Dopamine, serotonin and gait

Most of us, when thinking about dopamine, serotonin or neurotransmitters in general, think of behavior, for the most part. Yet, if you tend to agree with most experts in the field of functional neurology, you can appreciate that behavior is a derivative of how the brain has and is wired. That being said, the brain’s most primitive reason for wiring is to mange sensory-motor experiences that lead to, amongst many feats, standing upright.

Could things be different if you were a nematode?

A nematode constitutes the phylum Nematoda. They are considered as a diverse animal phylum inhabiting a broad range of environments. Although quite rudimentary, they do possess a tubular digestive system with opening at both ends. They have successfully adapted to nearly every ecosystem. They represent 90% of all animals on the ocean floor.

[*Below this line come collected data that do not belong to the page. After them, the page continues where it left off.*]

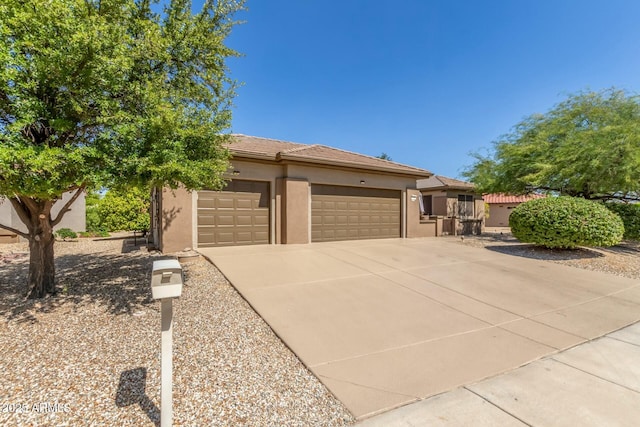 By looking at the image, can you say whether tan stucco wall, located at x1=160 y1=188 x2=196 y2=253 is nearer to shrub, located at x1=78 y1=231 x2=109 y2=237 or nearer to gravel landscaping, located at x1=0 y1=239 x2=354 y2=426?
gravel landscaping, located at x1=0 y1=239 x2=354 y2=426

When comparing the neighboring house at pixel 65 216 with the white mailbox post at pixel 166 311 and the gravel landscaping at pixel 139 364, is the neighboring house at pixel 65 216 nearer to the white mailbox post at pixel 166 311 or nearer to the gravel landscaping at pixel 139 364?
the gravel landscaping at pixel 139 364

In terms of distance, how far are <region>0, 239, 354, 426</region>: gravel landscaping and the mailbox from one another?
1.06 metres

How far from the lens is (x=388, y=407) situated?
2.49 m

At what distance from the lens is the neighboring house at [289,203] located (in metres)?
9.27

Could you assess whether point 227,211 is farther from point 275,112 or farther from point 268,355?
point 275,112

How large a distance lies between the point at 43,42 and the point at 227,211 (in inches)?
261

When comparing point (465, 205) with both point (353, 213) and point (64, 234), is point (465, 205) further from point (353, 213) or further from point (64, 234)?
point (64, 234)

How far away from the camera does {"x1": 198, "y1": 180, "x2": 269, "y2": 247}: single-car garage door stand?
9.51m

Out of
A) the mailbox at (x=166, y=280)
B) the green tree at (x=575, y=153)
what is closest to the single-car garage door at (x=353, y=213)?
the green tree at (x=575, y=153)

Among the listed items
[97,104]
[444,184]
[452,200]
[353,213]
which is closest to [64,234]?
[97,104]

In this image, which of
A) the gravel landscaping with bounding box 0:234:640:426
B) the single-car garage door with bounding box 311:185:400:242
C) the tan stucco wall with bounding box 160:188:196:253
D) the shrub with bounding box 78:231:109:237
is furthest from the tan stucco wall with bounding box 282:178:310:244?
the shrub with bounding box 78:231:109:237

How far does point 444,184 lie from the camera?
63.6ft

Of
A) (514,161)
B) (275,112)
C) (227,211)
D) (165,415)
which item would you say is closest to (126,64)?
(165,415)

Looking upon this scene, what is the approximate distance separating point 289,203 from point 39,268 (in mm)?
6956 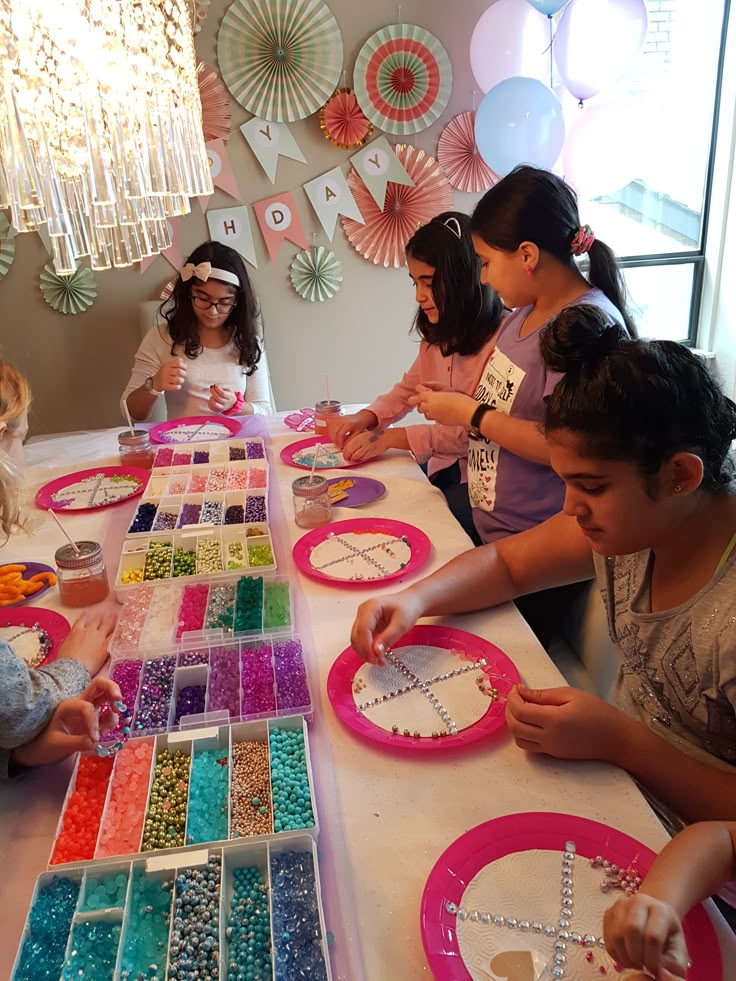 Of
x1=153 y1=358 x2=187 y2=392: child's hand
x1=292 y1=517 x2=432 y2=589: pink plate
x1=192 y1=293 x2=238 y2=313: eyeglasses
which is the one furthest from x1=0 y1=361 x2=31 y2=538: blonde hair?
x1=192 y1=293 x2=238 y2=313: eyeglasses

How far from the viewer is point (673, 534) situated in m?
0.91

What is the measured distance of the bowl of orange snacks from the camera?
1.26 m

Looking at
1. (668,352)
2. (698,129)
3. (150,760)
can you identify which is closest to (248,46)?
(698,129)

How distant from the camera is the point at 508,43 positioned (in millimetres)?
2826

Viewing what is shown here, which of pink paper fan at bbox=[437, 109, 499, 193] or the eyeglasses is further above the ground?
pink paper fan at bbox=[437, 109, 499, 193]

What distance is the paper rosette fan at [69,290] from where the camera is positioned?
290 centimetres

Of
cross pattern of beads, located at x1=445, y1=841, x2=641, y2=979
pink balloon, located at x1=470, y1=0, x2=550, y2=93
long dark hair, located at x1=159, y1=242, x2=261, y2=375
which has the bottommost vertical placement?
cross pattern of beads, located at x1=445, y1=841, x2=641, y2=979

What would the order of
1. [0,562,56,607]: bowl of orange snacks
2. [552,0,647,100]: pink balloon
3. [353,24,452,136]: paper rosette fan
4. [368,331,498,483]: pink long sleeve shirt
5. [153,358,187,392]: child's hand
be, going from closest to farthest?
[0,562,56,607]: bowl of orange snacks, [368,331,498,483]: pink long sleeve shirt, [153,358,187,392]: child's hand, [552,0,647,100]: pink balloon, [353,24,452,136]: paper rosette fan

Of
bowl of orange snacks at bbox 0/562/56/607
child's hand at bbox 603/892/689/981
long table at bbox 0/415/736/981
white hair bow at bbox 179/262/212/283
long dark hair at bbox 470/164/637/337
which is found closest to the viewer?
child's hand at bbox 603/892/689/981

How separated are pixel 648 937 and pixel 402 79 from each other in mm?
3071

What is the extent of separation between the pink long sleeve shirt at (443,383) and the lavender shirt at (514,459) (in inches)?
7.0

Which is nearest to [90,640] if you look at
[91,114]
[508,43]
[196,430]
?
[91,114]

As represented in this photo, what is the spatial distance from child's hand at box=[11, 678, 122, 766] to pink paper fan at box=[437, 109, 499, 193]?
9.04 ft

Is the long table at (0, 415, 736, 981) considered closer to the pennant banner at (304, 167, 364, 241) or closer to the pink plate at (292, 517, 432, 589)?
the pink plate at (292, 517, 432, 589) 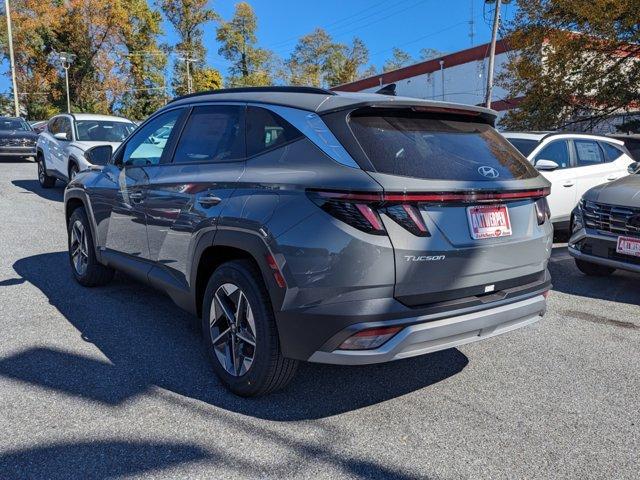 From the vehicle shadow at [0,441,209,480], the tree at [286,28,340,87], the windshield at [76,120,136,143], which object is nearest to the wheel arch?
the vehicle shadow at [0,441,209,480]

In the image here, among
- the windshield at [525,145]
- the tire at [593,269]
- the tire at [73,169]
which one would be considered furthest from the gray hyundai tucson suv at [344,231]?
the tire at [73,169]

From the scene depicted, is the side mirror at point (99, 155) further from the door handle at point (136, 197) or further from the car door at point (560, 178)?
the car door at point (560, 178)

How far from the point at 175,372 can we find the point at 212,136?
5.21ft

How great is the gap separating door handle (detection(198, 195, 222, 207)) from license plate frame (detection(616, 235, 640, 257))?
13.5ft

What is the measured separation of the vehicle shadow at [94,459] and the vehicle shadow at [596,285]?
14.8 ft

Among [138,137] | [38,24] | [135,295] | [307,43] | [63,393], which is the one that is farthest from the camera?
[307,43]

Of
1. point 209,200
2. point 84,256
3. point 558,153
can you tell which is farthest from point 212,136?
point 558,153

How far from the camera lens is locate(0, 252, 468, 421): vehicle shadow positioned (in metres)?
3.17

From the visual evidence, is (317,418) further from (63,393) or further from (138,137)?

In a nutshell, nematodes are slender worms. They have a relatively distinct head and a mouth that has either three or six lips. They do possess a nervous system that allows for movement, amongst other functions.

What was found is that these nematodes respond differently to serotonin and dopamine, on a motor level. If it’s true that humans can walk or run, it’s also true that they cannot do something in between the two. Similarly, a nematode has “gaits”. It can swim or it can crawl.

Scientists wanted to know if it was the same networks that were responsible for the crawling or the swimming.

When the 8 dopamine neurons of these creates were selectively taken out, the nematodes could still swim, and still crawl, but the couldn’t transition from swimming to crawling. They had lost the ability to initiate the crawling gait.

On the contrary, when using optogenetics to put light-activating genes into the namatode’s dopamine neurons, they could manage the transition from swimming to crawling just fine.

The conclusion: in the nematodes, serotonin controls the crawl-to-swim and the dopamine controls the swim-to-crawl.

It’s interesting to note that, in humans, for example, we often hear many experts speak about somehow balancing neurotransmitters. Could it be that making sure that we have crawled (which stimulates the pons, responsible for serotonin) and creeped (which stimulates the mesencephalon, responsible for dopamine) could be a variable of the equation?